Cinematography: Eduardo Band
Cowgirls Never Get the Blues is an installation of paintings and video that explores identity, displacement and colonialism. Whether displacement is due to immigration, sexuality or gender this work humorously feeds from them all. The work takes place in the Wild West, a place in time that signifies the expansion of the Anglo-Saxon culture over the Native American people and their land. Visually, its culture is associated strongly with stereotypical images of Western landscapes and cowboy films.
The paintings resemble a movie set depicting a hunting scene. In this hunting scene, the roles are inverted and a herd of buffalos is hunting a cowgirl/boy. My painting style borrows folklore painting vocabulary and at the same time, by using layers of newspaper, my canvas imitates animal skin. In the same way Native Americans used animal skin to depict hunting stories, I make my own skin, inverting not only mediums but also possible outlooks on history. Movie scenes of the painted scene are projected on top of the paintings, thinking over the relationship between video and painting and treating painting as a still frame from a movie.

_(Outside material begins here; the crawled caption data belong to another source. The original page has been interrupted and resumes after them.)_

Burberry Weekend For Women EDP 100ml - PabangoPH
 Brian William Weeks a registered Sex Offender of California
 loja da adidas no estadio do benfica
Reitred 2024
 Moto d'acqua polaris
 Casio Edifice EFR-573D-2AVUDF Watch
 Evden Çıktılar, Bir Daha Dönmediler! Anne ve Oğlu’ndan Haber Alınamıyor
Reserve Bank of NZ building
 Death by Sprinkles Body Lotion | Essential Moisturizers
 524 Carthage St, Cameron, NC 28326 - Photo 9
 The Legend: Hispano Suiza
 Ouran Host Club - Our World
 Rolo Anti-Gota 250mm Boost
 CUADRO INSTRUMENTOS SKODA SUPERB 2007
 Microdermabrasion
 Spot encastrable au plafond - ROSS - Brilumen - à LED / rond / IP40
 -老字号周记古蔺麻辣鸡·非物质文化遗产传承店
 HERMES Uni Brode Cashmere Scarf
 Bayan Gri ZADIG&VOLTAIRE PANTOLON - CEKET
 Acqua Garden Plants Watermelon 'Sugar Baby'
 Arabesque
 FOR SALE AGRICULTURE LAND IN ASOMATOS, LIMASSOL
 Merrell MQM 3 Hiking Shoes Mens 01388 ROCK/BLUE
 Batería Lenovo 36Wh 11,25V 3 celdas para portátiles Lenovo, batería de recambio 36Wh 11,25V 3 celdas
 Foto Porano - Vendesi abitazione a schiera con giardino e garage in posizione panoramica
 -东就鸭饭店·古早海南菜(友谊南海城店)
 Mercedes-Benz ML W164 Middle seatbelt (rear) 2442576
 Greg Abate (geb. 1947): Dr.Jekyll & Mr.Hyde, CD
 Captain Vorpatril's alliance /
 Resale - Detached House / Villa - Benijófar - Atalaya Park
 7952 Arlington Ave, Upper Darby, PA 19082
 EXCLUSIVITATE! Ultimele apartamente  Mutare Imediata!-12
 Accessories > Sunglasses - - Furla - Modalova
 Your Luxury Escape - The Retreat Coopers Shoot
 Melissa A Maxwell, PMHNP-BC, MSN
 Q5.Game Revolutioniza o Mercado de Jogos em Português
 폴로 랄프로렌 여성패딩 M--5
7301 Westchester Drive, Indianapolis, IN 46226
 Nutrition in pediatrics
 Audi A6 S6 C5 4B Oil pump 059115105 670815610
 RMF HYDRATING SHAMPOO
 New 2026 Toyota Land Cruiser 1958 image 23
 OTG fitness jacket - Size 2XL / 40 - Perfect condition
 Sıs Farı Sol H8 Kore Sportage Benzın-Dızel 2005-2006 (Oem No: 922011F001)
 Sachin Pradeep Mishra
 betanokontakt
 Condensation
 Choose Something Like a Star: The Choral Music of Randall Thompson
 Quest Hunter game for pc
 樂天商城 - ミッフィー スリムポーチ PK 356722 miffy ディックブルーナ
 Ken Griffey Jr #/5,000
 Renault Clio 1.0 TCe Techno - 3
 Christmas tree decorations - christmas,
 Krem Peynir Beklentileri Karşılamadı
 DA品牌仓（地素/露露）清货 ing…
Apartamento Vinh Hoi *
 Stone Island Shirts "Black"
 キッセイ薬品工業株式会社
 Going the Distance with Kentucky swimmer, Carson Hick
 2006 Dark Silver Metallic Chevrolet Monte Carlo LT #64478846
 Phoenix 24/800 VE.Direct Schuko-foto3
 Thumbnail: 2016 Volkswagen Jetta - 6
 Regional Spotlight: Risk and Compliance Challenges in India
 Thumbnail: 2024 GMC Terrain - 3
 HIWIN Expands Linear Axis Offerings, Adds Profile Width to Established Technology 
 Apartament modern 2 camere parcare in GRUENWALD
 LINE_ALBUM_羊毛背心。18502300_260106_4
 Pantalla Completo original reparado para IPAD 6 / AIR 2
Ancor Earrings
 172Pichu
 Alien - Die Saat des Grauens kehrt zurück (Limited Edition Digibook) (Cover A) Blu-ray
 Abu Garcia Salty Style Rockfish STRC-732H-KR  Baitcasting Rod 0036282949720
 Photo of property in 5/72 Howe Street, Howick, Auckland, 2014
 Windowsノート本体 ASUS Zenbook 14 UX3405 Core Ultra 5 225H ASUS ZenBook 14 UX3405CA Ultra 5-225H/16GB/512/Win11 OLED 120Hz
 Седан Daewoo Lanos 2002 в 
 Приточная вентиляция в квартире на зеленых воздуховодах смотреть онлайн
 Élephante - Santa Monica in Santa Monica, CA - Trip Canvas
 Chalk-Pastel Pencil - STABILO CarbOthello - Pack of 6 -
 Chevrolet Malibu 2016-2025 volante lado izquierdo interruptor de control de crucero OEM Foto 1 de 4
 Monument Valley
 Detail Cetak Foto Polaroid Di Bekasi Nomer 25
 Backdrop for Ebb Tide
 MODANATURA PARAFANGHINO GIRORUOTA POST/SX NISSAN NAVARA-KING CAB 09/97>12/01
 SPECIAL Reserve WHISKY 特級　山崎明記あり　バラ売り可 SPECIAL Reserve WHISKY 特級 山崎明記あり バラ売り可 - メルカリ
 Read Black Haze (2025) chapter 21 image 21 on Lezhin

A second video, Cowgirls Never Get the Blues ia also part of this work. The video is based on the American folk song Oh Susanna. While the lyrics are replaced with the Greek rendition, the melody is the same. Often introduced as a sing-a-long for kids, this song conjures up images from our childhood as well as plays upon the adult desires of its theme – arriving to a new place, making it your own, and desiring the love of Susanna. The melody can be recognized, but the visuals do not align with its original context, so the viewer has to be confronted with an awkward feeling that something is a little bit off.